El próximo 25 de diciembre (según la
adaptación gregoriana del calendario latino, inspirado en el año solar egipcio
y la división babilónica de horas y semanas) celebraremos la venida al mundo de
Jesús, el Hijo de Dios para los cristianos. Ya saben, ese señor que por
influencia irania nos imaginamos barbado y melenudo, y cuya vida y milagros
tanto se parecen a los de una decena de dioses paganos. Tanto es así que se le
hizo nacer el 25 de diciembre para que su natalicio coincidiera con los ritos
solsticiales de la competencia. El resto, como suele decirse, es historia.
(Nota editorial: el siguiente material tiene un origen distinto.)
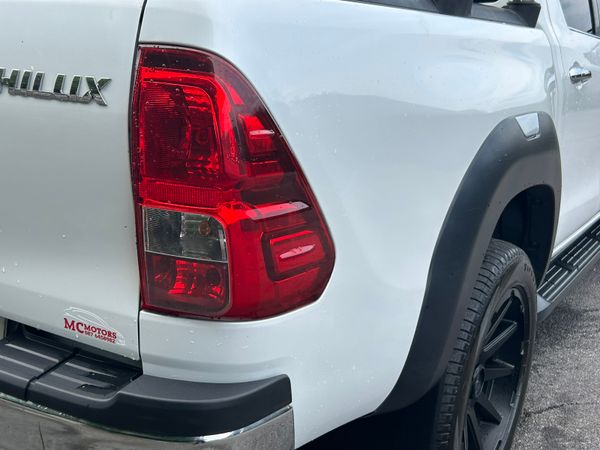 2022 Toyota Hilux 2.4 SR5 Manual 365073053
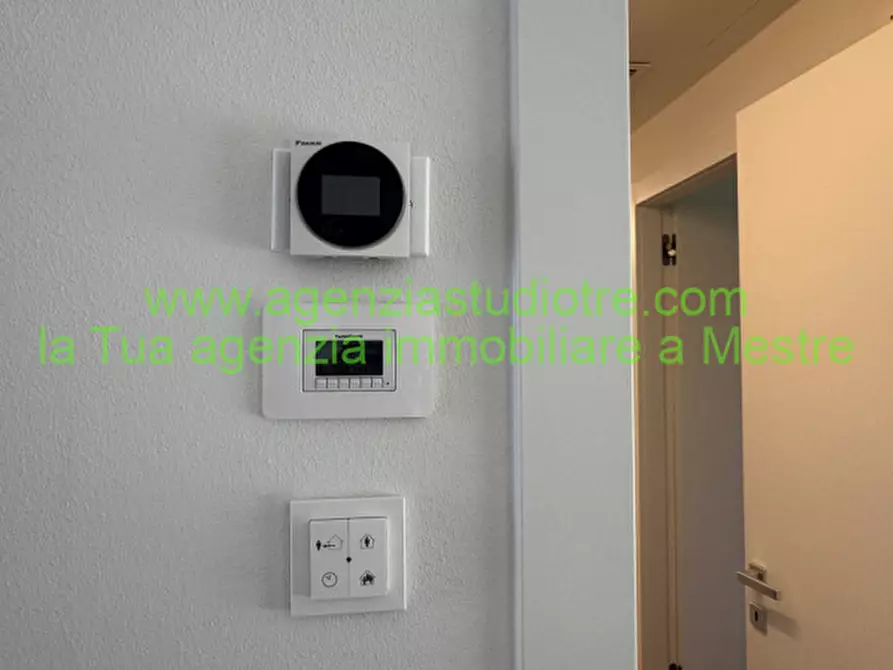 Immagine 18 di Appartamento in vendita  in via castellana 18 a Venezia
Una
historia creada a base de cosmopolitismo paulino, filosofía neoplatónica,
estoicismo romano y el trabajo de un «think tank» de judíos
helenizados emperrados en darle forma doctrinaria a las leyendas sobre el
mesías de Galilea…
Pues bien, no pierdan comba, porque a
todo este fabuloso invento del Belén y la Nochebuena vamos a sumarle, durante
los próximos días, las reuniones en torno al «árbol de navidad» (rito
importado del mundo anglosajón, como Halloween o el Black Friday), los
atracones de turrón de Jijona (legado por los árabes), o el jugar
compulsivamente a la lotería (invento de los mismos chinos en cuyos bazares nos
proveemos hoy de todos los perifollos navideños).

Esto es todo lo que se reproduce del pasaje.